*Problem to solve*
Restate every line of the data word for word, except for the images.

*Data section*
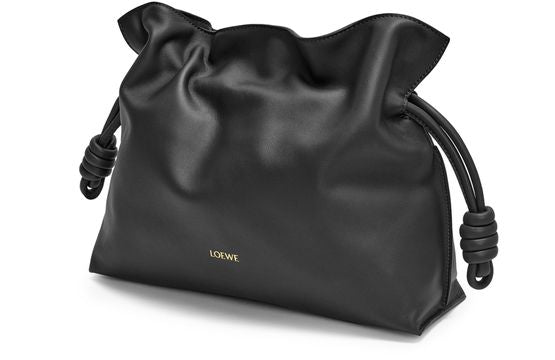 Loewe Medium Flamenco clutch in nappa calfskin in Black — view 2
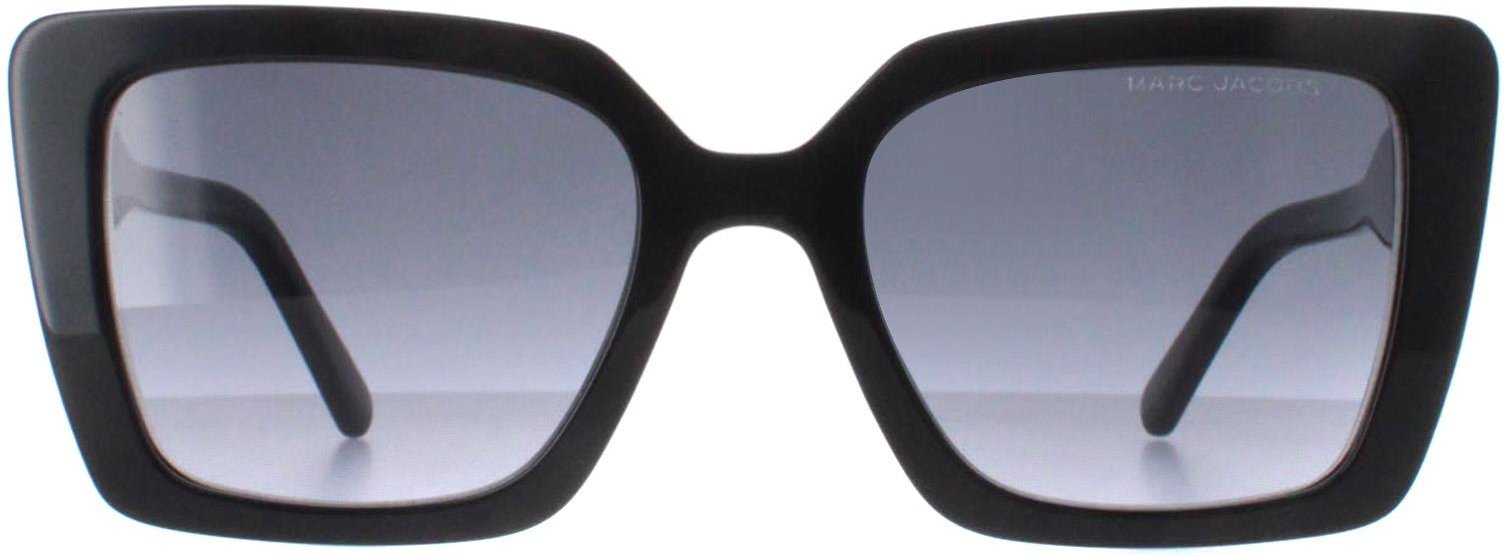 Thumbnail - Marc Jacobs MARC 733/S 807 9O glänzende schwarze dunkelgraue Sonnenbrille mit Farbverlauf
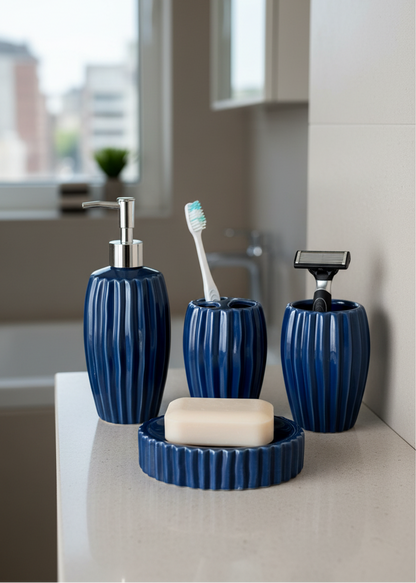 Ribbed Ceramic Bathroom Set - Blue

*Exercise solution*
 Loewe Medium Flamenco clutch in nappa calfskin in Black — view 2
 Thumbnail - Marc Jacobs MARC 733/S 807 9O glänzende schwarze dunkelgraue Sonnenbrille mit Farbverlauf
 Ribbed Ceramic Bathroom Set - Blue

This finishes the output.